I think we’re in a recession and I think it will go down in history as officially beginning in January of  2008. I don’t think it started in January. I think it started in November, becasue that’s when the price of eggs skyrocketed, at least in my local markets. I seem to remember some stock market problems back in November too, which is probably a more official way to determine if we’re in a recession or not.

I was always stumped by the way economists decide to use the official Recession Label. I know unemployment has to rise, fewer jobs have to be created and lots of stock market investors have to worry enough to sell off their stock and then the market goes down, a lot. There are other factors too, like inflation, sales figures and other things I don’t understand. When it all comes together officials look at the numbers and say “Oops, Recession”.

Right now stock markets all over the world, from Beijing to Australia to Great Britian are falling because of speculation that America might be in a recession. The problems with irresponsible borrowing and outrageous mortgage payments adds fuel to the fire and the rising level of unemployment confirms it.

I believe we are in a recession and I think it’s going to get worse. A lot worse. Since so many of our jobs have gone overseas the job market in America stinks. Our foreign relations policies have fractured our military. We have troops stationed in way more countries than I can count, pretending that we, America, are the police to the world. The arrogance in that just burns my tushie. The number of young people over in Iraq getting killed every day, and then the outrageous practice of sending them back again for 2, 3 and 4 tours of duty! Good heavens! I’m angry that these boys and girls, men and women are dying and losing their limbs. I don’t want to have a permanent base in Iraq and I’m angry that the government is heading down that route.

The rising cost of oil, which is mixed up with the Iraqi war in a way that I don’t exactly understand, is causing increased inflation. I’ve heard suggestions of $5 a gallon for gas. I hope it doesn’t go that high, but I don’t think it would surprise me. All of this misbehavior on the part of our government is catching up with them. And it’s affecting my bottom line, all of America’s bottom line.

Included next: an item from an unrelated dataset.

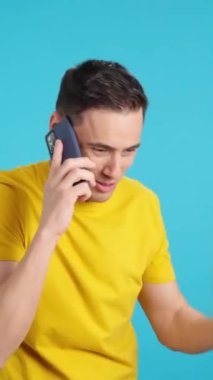 Stüdyoda cep telefonuyla konuşan bir adamın mavi arkaplanlı videosu. Çerçeve boş başlar, adam aşağıdan görünür ve altta kaybolur..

I see somthing stronger and longer than a recession looming on the horizon. My cash is worth about half what it was a decade ago. Prices on many grocery store items and regular household goods have doubled. I admit to having only a rudimentary understanding of world economics and politics. I know an awful lot about running a household though, and if I ran my household the way the Government is running it’s household, then we’d be bankrupt within the week. I think this recession is a way of kicking the Government in the pants and telling them to shape up, cause until they take control of this situation, economically and politically, it’s going to go from bad to worse.

It’s like the Government is living on credit cards, using one card to pay off another, trying to consolidate them on a low interest card, but just fooling themselves and putting off the inevitable crash until it gets so big that there’s no avoiding it.

When I think about how many families are affected by circumstances like this, ugh, it turns my stomach into knots.

Well I’m done now, I’ve ranted and raged and now I’m content to go back to my happy little world of sewing, cooking, cleaning and child-rearing . When I take too much time looking at the big world it clouds my little world. And for the most part my little world is a really nice place to be. A way better place to be.

BTW, how much do eggs cost, per dozen, in your neck of the woods. The best price I can get for them is $1.69 dozen. A full dollar more than I was paying last year. Grrr! Arrgh! That spells recession to me.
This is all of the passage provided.